Stored items:
========================================
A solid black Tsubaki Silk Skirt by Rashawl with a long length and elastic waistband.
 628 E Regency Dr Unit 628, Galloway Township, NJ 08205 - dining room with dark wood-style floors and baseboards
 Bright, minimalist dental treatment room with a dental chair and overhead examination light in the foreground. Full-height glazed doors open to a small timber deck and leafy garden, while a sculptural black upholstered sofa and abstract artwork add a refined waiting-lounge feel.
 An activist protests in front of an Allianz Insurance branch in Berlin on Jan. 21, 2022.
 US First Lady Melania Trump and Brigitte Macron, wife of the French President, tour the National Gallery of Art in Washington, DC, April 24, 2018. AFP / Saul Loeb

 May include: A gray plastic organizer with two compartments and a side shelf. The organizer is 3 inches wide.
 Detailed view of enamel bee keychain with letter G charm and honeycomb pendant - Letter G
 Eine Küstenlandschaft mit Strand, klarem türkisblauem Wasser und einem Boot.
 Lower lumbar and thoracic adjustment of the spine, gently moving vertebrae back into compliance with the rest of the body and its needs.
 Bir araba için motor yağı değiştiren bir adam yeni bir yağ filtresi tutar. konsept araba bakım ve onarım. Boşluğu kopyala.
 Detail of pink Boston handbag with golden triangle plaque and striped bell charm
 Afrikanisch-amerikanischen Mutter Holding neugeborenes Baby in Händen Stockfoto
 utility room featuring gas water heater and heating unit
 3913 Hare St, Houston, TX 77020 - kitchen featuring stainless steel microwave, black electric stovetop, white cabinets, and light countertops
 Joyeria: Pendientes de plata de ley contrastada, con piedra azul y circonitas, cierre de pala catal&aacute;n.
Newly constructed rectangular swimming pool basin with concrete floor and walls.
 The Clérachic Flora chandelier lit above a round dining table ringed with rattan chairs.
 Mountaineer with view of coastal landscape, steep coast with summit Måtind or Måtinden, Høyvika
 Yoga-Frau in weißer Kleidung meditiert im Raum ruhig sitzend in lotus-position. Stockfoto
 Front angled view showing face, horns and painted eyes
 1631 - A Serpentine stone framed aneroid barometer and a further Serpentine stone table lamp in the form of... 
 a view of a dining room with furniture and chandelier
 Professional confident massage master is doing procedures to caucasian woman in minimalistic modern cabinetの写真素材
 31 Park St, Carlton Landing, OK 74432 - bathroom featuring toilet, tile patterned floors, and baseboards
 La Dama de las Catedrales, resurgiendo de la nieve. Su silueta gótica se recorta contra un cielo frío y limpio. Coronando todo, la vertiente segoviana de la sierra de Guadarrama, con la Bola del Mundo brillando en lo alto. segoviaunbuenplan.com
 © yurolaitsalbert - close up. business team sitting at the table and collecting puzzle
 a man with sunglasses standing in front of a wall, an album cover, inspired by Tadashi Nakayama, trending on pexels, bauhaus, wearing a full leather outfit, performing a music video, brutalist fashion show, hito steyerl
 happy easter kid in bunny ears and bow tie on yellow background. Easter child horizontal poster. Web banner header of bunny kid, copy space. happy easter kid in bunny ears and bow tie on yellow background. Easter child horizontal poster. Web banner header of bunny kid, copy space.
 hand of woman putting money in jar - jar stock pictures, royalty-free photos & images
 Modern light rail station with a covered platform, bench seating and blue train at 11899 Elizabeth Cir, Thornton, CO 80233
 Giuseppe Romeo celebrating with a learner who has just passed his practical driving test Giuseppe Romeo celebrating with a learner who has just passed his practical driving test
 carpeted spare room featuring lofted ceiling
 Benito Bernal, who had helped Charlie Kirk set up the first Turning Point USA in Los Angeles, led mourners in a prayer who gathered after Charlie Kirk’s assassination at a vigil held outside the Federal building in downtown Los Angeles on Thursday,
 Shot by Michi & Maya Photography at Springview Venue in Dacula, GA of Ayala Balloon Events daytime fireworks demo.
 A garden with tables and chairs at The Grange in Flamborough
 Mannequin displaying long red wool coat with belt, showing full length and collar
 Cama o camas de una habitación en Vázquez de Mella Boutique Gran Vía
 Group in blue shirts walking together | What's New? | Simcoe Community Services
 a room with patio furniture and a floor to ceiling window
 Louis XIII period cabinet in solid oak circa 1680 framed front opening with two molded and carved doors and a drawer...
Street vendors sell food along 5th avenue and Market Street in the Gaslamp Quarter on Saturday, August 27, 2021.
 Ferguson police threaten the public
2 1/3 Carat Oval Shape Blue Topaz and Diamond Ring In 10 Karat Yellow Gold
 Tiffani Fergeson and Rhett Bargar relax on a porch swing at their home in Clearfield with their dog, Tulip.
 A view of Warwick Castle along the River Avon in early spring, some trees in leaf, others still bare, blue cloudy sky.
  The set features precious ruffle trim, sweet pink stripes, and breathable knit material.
========================================
-- WORK TASK --
Would you please write out the entries again exactly?

-- ANSWER TO THIS TASK --
A solid black Tsubaki Silk Skirt by Rashawl with a long length and elastic waistband.
 628 E Regency Dr Unit 628, Galloway Township, NJ 08205 - dining room with dark wood-style floors and baseboards
 Bright, minimalist dental treatment room with a dental chair and overhead examination light in the foreground. Full-height glazed doors open to a small timber deck and leafy garden, while a sculptural black upholstered sofa and abstract artwork add a refined waiting-lounge feel.
 An activist protests in front of an Allianz Insurance branch in Berlin on Jan. 21, 2022.
 US First Lady Melania Trump and Brigitte Macron, wife of the French President, tour the National Gallery of Art in Washington, DC, April 24, 2018. AFP / Saul Loeb

 May include: A gray plastic organizer with two compartments and a side shelf. The organizer is 3 inches wide.
 Detailed view of enamel bee keychain with letter G charm and honeycomb pendant - Letter G
 Eine Küstenlandschaft mit Strand, klarem türkisblauem Wasser und einem Boot.
 Lower lumbar and thoracic adjustment of the spine, gently moving vertebrae back into compliance with the rest of the body and its needs.
 Bir araba için motor yağı değiştiren bir adam yeni bir yağ filtresi tutar. konsept araba bakım ve onarım. Boşluğu kopyala.
 Detail of pink Boston handbag with golden triangle plaque and striped bell charm
 Afrikanisch-amerikanischen Mutter Holding neugeborenes Baby in Händen Stockfoto
 utility room featuring gas water heater and heating unit
 3913 Hare St, Houston, TX 77020 - kitchen featuring stainless steel microwave, black electric stovetop, white cabinets, and light countertops
 Joyeria: Pendientes de plata de ley contrastada, con piedra azul y circonitas, cierre de pala catal&aacute;n.
Newly constructed rectangular swimming pool basin with concrete floor and walls.
 The Clérachic Flora chandelier lit above a round dining table ringed with rattan chairs.
 Mountaineer with view of coastal landscape, steep coast with summit Måtind or Måtinden, Høyvika
 Yoga-Frau in weißer Kleidung meditiert im Raum ruhig sitzend in lotus-position. Stockfoto
 Front angled view showing face, horns and painted eyes
 1631 - A Serpentine stone framed aneroid barometer and a further Serpentine stone table lamp in the form of... 
 a view of a dining room with furniture and chandelier
 Professional confident massage master is doing procedures to caucasian woman in minimalistic modern cabinetの写真素材
 31 Park St, Carlton Landing, OK 74432 - bathroom featuring toilet, tile patterned floors, and baseboards
 La Dama de las Catedrales, resurgiendo de la nieve. Su silueta gótica se recorta contra un cielo frío y limpio. Coronando todo, la vertiente segoviana de la sierra de Guadarrama, con la Bola del Mundo brillando en lo alto. segoviaunbuenplan.com
 © yurolaitsalbert - close up. business team sitting at the table and collecting puzzle
 a man with sunglasses standing in front of a wall, an album cover, inspired by Tadashi Nakayama, trending on pexels, bauhaus, wearing a full leather outfit, performing a music video, brutalist fashion show, hito steyerl
 happy easter kid in bunny ears and bow tie on yellow background. Easter child horizontal poster. Web banner header of bunny kid, copy space. happy easter kid in bunny ears and bow tie on yellow background. Easter child horizontal poster. Web banner header of bunny kid, copy space.
 hand of woman putting money in jar - jar stock pictures, royalty-free photos & images
 Modern light rail station with a covered platform, bench seating and blue train at 11899 Elizabeth Cir, Thornton, CO 80233
 Giuseppe Romeo celebrating with a learner who has just passed his practical driving test Giuseppe Romeo celebrating with a learner who has just passed his practical driving test
 carpeted spare room featuring lofted ceiling
 Benito Bernal, who had helped Charlie Kirk set up the first Turning Point USA in Los Angeles, led mourners in a prayer who gathered after Charlie Kirk’s assassination at a vigil held outside the Federal building in downtown Los Angeles on Thursday,
 Shot by Michi & Maya Photography at Springview Venue in Dacula, GA of Ayala Balloon Events daytime fireworks demo.
 A garden with tables and chairs at The Grange in Flamborough
 Mannequin displaying long red wool coat with belt, showing full length and collar
 Cama o camas de una habitación en Vázquez de Mella Boutique Gran Vía
 Group in blue shirts walking together | What's New? | Simcoe Community Services
 a room with patio furniture and a floor to ceiling window
 Louis XIII period cabinet in solid oak circa 1680 framed front opening with two molded and carved doors and a drawer...
Street vendors sell food along 5th avenue and Market Street in the Gaslamp Quarter on Saturday, August 27, 2021.
 Ferguson police threaten the public
2 1/3 Carat Oval Shape Blue Topaz and Diamond Ring In 10 Karat Yellow Gold
 Tiffani Fergeson and Rhett Bargar relax on a porch swing at their home in Clearfield with their dog, Tulip.
 A view of Warwick Castle along the River Avon in early spring, some trees in leaf, others still bare, blue cloudy sky.
  The set features precious ruffle trim, sweet pink stripes, and breathable knit material.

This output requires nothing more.